My own first steps of the journey into the aftermath gave me a big surprise. As I photographed the damage, the undamaged and the broken but valiant became more important, more fascinating. I had expected to feel grim and to summon my stoicism, but I went back indoors to make breakfast feeling a measure of delight. Most things would pull through. Lily buds remained at the tips of battered stems. The Meidiland rose never blinked. Hollyhocks leaves were shell-shocked, but they held tight to their buds. There will eventually be blossoms and perfume through the garden.
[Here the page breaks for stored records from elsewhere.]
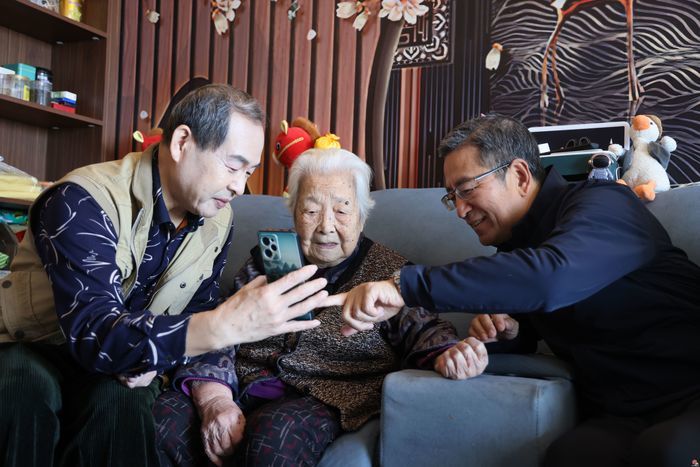 白岩松点赞“热血家庭”：三十六年从未间断一家四口挽臂成林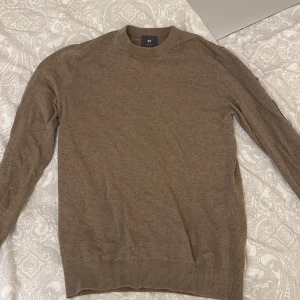 brun beige tröja  - säljer en brun beige tröja från Hm som har använts få gånger! skriv om du har nån fråga!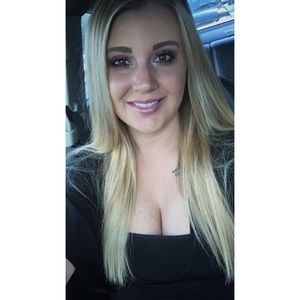 Meet your Posher, Jordyn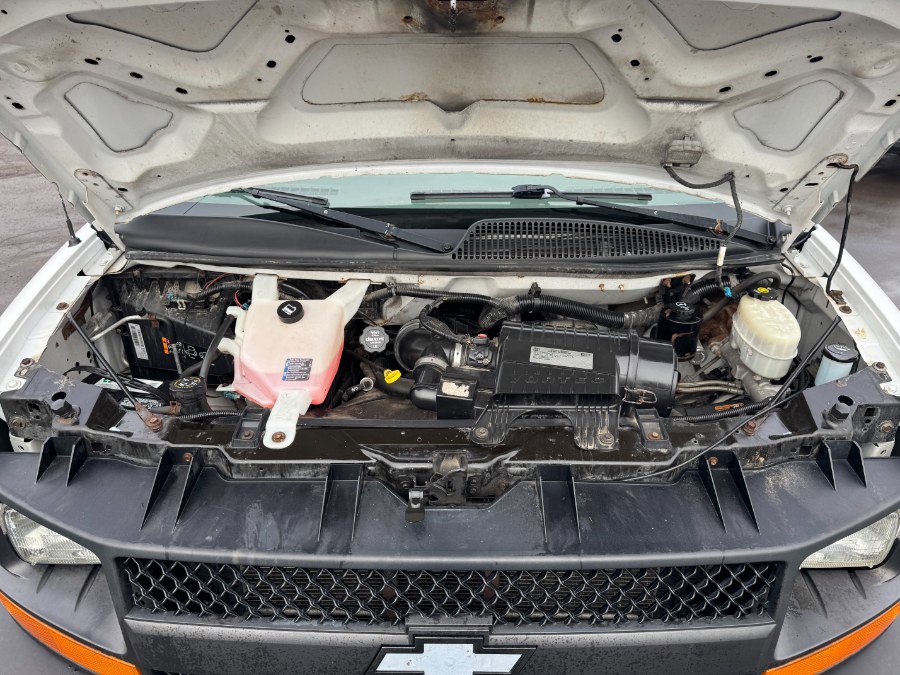 Used 2016 Chevrolet Express 2500 image 21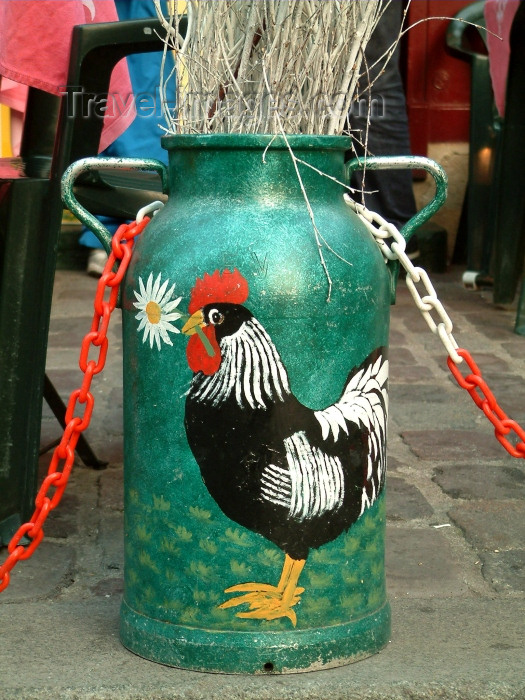 france125: France - Paris: Le coq français - old milk container - photo by C.Schmidt - (c) Travel-Images.com - Stock Photography agency - Image Bank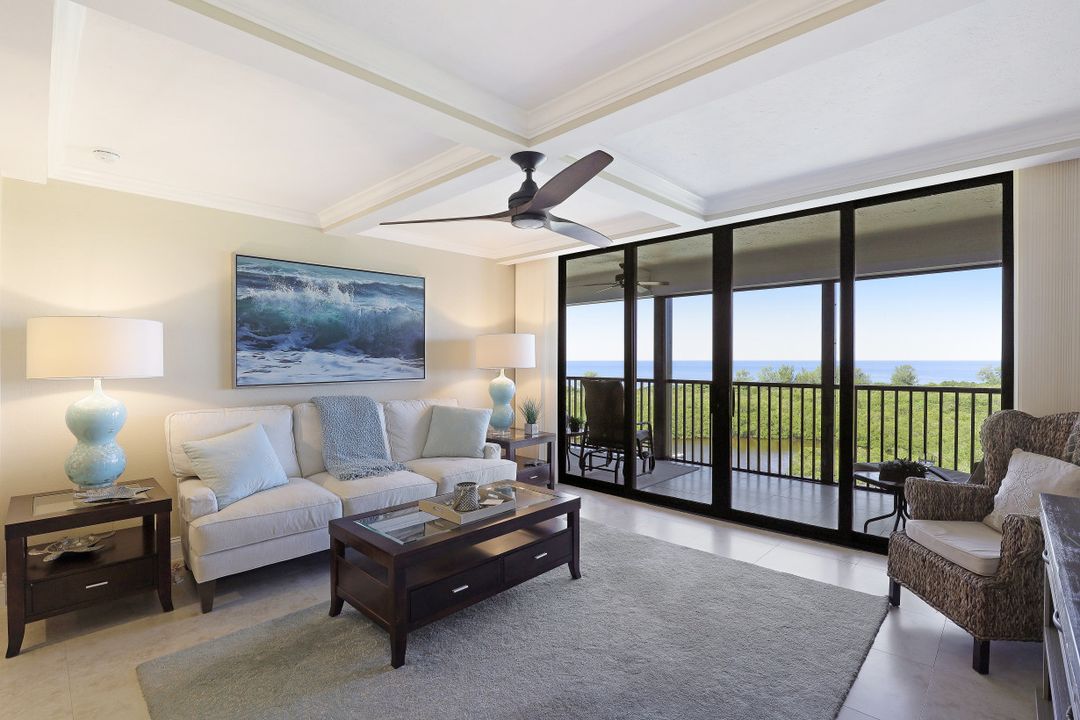 17 Bluebill Ave #1005, Naples, FL 34108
View from the front porch, the morning after the storm.

Three days before the storm, Crambe cordifolia and Walkers Low catmint had been subtly charming.

Nearly unrecognizable the day after.

More than half of three varieties of heirloom and native beans were reduced to stalks, but it was early enough for these short-season plants to reorder seed.

Potatoes were mashed.

The “Julia Child” tomato was reduced to a stalk and one leaf. “Oh, well,” rings her soprano voice, “These things happen. Carry on!”

Riddled hollyhocks held tight to their buds.

Most Oriental lily buds stayed put, though a few are well-dinged.

Fascinating leafy texture filled the bird bath.

Verbascum bombeciferum rivaling Scarlet O’Hara for post devastation defiant beauty.

Penstemon strictus and P. eatonii never blinked.

Echinacea quipped, “What storm?”

Moonshine yarrow was tipsy, but sparkling.

It was permissable, even wise, to let all the debris, the riddled leaves, the bent stems, stay as they were through Thursday and Friday while I worked, rested, and rallied for clean-up.

Saturday morning, before temperatures flirted with 90, I filled my mulching wheelbarrow to its 8 cubic foot capacity three times. This from my 1,000 square foot front garden, alone. And that didn’t get it pristinely clean. Not by a long shot.

The 8 cubic foot capacity wheelbarrow awaits its first load.

Bless the honey locust trees and whoever planted them in the parking median in front of the  house. Although their leaves rained on the garden, their high and airy crowns minimized the damage.

Reminded by an email from Larry Stebbins, I sprayed the remaining foliage with seaweed extract, and the healing has begun.

In ten days, Julia has grown two fine leaves.

The wonderful spuds have grown so much, I’ve started to hill them.

The garden is happy, breezy, and full of sun. So’s the gardener.

Hail

Image

Wave after wave of hail, ranging in size from peas to skull-busters, pummeled the neighborhood. Driven by stout upslope wind, sometimes the view to the back shed was obscured. The roar was deafening.

Couldn’t bring myself to assess the damage to the garden just yet. Thank goodness the summer is yet young.

Two and a half inches of rain on the city in just under two hours. Just southwest of the gardenhood, hail — some the size of baseballs — fell in such tremendous amounts, it had to be scooped from the road with front-end loaders. Wow.